Sloan: ad honorem

August 24, 2011

[Febbraio 2011] Sloan ha predicato puro basket per più di vent’anni. Come capita spesso a chi si attesta con costanza su un ottimo livello, senza crolli deludenti né imprese epiche, si è ritrovato con l’avere la bacheca vuota (zero titoli Nba e zero Coach of the year award) ma un posto garantito nella storia (Hall of famer da un paio d’anni).

Stessa sorte di John Stockton (unico trofeo un co-Mvp all’All Star Game, per quello che vale…), Pat Ewing ed altri malinconici autori di memorabili pagine Nba che non possono lucidare anelli o statuette, ma che già prima di ritirarsi avevano prenotato una camera nell’ospizio più elitario: l’arca della gloria.

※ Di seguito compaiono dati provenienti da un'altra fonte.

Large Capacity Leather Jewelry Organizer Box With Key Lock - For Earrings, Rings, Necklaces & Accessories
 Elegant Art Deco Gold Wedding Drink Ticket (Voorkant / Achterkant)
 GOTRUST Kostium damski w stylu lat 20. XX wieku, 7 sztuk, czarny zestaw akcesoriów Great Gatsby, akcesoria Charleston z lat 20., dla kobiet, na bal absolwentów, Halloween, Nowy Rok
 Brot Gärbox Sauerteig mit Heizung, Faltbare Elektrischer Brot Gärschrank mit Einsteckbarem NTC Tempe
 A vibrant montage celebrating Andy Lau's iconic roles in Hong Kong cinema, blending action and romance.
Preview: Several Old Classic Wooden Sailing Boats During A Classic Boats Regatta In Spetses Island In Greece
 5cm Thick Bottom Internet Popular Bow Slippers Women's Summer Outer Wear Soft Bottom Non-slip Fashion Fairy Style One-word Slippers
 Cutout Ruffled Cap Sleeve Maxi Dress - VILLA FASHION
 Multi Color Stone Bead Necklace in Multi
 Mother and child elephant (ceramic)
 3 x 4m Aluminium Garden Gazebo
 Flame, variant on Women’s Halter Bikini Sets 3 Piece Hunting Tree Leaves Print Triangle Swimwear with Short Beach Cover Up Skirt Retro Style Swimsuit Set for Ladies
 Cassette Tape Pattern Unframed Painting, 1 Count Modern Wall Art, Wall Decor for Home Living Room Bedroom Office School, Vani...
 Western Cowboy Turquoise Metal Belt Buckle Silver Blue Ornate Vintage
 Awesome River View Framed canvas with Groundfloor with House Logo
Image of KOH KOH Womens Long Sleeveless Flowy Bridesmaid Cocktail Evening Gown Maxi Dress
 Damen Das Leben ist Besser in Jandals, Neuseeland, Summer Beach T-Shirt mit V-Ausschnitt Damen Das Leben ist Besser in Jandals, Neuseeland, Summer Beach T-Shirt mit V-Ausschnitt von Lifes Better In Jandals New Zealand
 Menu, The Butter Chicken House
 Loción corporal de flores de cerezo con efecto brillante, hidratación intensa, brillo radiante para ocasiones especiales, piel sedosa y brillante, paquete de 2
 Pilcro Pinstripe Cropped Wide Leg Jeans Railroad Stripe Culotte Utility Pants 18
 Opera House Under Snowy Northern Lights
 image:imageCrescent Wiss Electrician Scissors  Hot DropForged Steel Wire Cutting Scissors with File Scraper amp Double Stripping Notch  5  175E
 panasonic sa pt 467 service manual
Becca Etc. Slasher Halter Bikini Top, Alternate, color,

D’altronde, Phil Jackson ha 11 anelli ma un solo Coach of the year award. La storia del gioco non è affatto quella delle onorificenze.

 

Forse, è anche un bene che l’impronta incisa con perseveranza da Sloan nello Utah, non sia ridotta a qualche traguardo annuale o qualche magic moment; forse, l’unico numero adeguato è il 23: come le stagioni trascorse con i Jazz, come il numero di maglia del giocatore che capitanava la squadra che per due volte lo ha sconfitto in finale.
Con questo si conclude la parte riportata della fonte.